There is, secondly, a lot of pride in professionalism (‘it has to be 100 per cent’, ‘doing the job I’d been trained to do’, ‘the ultimate opportunity to test your skill set in the worst possible environment’, ‘everybody giving their best for six months’). These are highly trained, professional soldiers, sailors and airmen and women talking thoughtfully about what they do and taking pride in identifiable achievements. (There are some civilians, too.) The words are mostly carefully chosen and the language is modern: while these men and women are – according to politicians’ rhetoric and defence force tradition – ‘the descendants of the Anzacs’, their descriptions of war are very different to what would have come from the volunteer soldiers of a century and 75 years ago.
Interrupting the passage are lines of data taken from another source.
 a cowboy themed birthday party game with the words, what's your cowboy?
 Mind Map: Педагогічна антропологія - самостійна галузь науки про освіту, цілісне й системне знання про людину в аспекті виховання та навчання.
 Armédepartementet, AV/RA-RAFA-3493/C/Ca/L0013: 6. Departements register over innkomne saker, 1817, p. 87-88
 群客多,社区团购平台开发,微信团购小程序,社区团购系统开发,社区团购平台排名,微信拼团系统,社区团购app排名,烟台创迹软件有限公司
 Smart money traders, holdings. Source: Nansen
They are skilled military technicians rather than instinctive Diggers.

Thirdly, there is empathy and compassion for the people of Afghanistan. One interviewee, Captain Daniel Fussell, describes how people in the fields paused only momentarily as the bullets flew over them: ‘nobody should be that used to war’. We see Australians providing medical and training assistance and talking to tribal leaders and their womenfolk. There are close-up depictions of medical help for children and women, as well as service people. The extent to which the people deployed to Afghanistan attempted community assistance and civil reconstruction is another clear difference from earlier generations of uniformed Australians.

There was also, we are told at one point, closer involvement with the people of Afghanistan than American forces often managed. Yet there is still something slightly patronising in the frequent Australian references to ‘the locals’. There is no denying also that mutual suspicion between coalition forces and the people is as common as mutual respect, even when the Afghans the Australians are dealing with are themselves soldiers (‘we never really trusted them completely’).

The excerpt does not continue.